除經營壓力外,融資難也是凸起問題。不少機構負責人指出,今朝我國養老服務機構的市場性融資所占比重很小,渠道非常狹窄。除了傳統的銀行貸款和平易近間借貸外,正規市場性融資方法很少。
“當局想盡辦法牽線搭橋,銀行一聽說是養老機構都‘不來神’。”中部某省一家社區養老服務公司負責人流露,行業做得好的養老機構利潤也只要7%至10%,養老機構資本投資收受接管期普通需求8年以上,實現盈虧均衡需求3年以上,一貫尋求利潤、嚴控風險的金融機構對養老機構融資態度謹慎,融資路徑很難走通。
懷著美妙的愿看進進養老產業“新藍海”,卻發現“現實很骨感”。部門機構投資者在“賭博”“回本”意愿驅使下鋌而走險,通過預付型養老產品不符合法令接收公眾存款,養老機構“爆雷”“跑路”現象屢禁不絕。
記者清楚到,不少涉案養老機構在不符合法令接收公眾存款后不僅敏捷解決資金運轉問題,加年夜投進、規模建設后還“美譽度”倍增,一躍成為行業“標桿”。此外,也有部門負責人熱衷于將錢轉向高利貸及其他投資領域,簡單粗魯“錢生錢”。

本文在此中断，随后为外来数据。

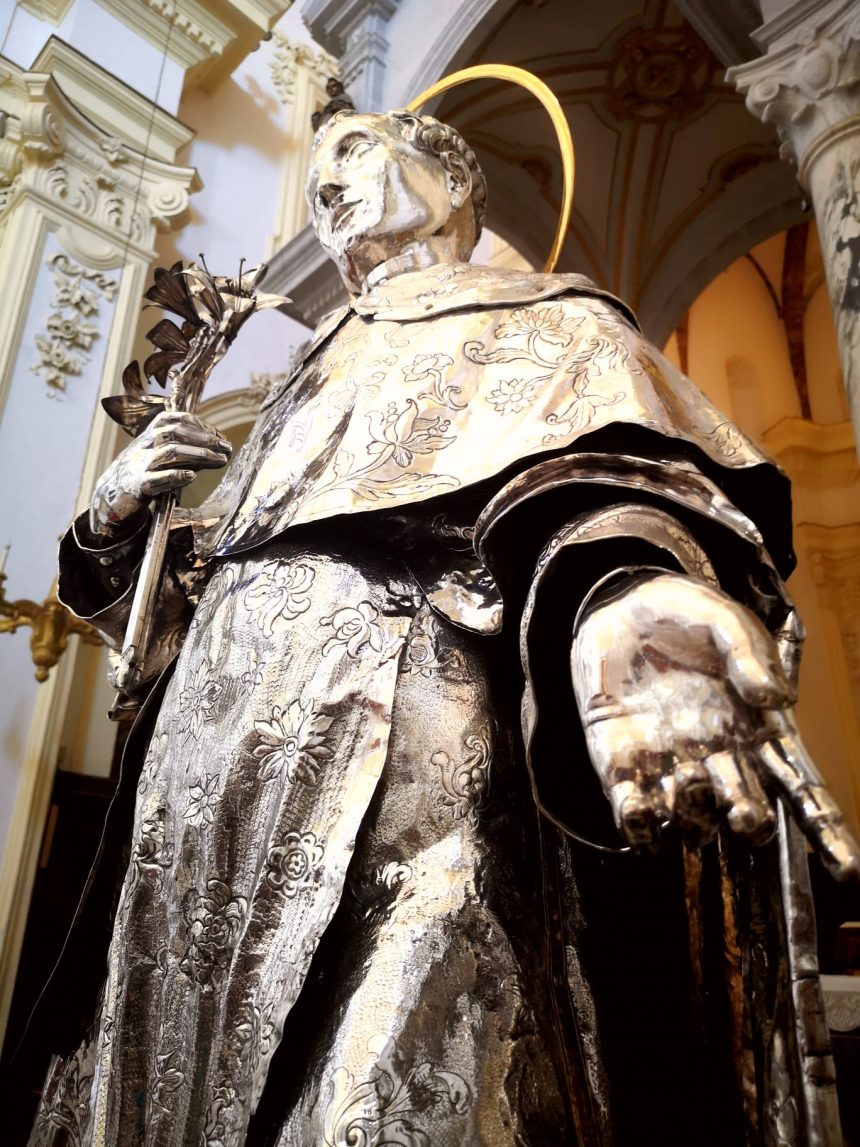 Ad Erice riapre la Chiesa di Sant’Alberto dei bianchi e viene ricollocata la statua del Santo. Domani la consegna delle chiavi da parte del sindaco e il Pontificale del vescovo in diretta Tv e social per permettere la più grande partecipazione dei fedeli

“一些養老機構從樹立之初就采用本錢最低的租地建設、虧本造景的運營形式,只為‘圈錢’后轉移財產或直接跑路,將騙局運用到極致。”一名經營養老產業多年的負責人說。
“多頭”變“無頭” 監管弱化虛化
記者調查發現,通過預付型養老產品不符合法令接收公眾存款的“養老騙局”觸及平易近政、金融、工商、公安等多個監管部門,但實際上各部門“多頭”監管演變為“無頭”監管,發現苗頭甚至都難以執法、不敢叫停。
2019年1月,平易近政部正式發文,根據新修正的《老年人權益保證法》,不再實施養老機構設立許可,改為登記和備案治理。平易近政部同時請求加強養老機構事中事后監管,推動樹立養老機構綜合監管束度。
新政給養老機構“松綁”,推動養老行業加快發展。但是,由于事中事后監管摸索缺乏、抓手不夠、落實不力,治理墮入虛化。基層平易近政部門反應,隨著養老機構在平易近政部門從注冊到備案的審批請求變化,養老院“先建設再備案”“先經營再登記”等“先斬后奏”現象層出不窮。
事實上,“爆雷”機構年夜多沒有在平易近政部門備案,也未享用相關補貼,而平易近政部門僅握有對享用床位補貼的機構采取“停發補貼”的權限,對違規機構約束力度小。“即便發現未登記機構收了白叟,平易近政部門難以執法,更擔心驅散白叟會引發穩定風險。”中部省份一位平易近政部門任務負責人坦言。
甚至部門養老機構在“爆雷”前,平易近政部門也曾對其開展過相關專項排查,但這些機構的營銷團隊年夜多游擊式拉客,設定白叟進院參觀時間變換不定、行跡隱蔽,職能部門很難開展“蹲守式”監管。
“爆雷”機構年夜多暗裡收取現金、打進負責人私家賬戶,不走公司賬務,甚至定時銷毀收賬記錄,財務渠道難以審查。並且,一個養老機構下設好幾套營銷人馬、多個簽約主體,即便某個渠道、團隊被舉報,立即又能換個名頭“卷土重來”,難以清查。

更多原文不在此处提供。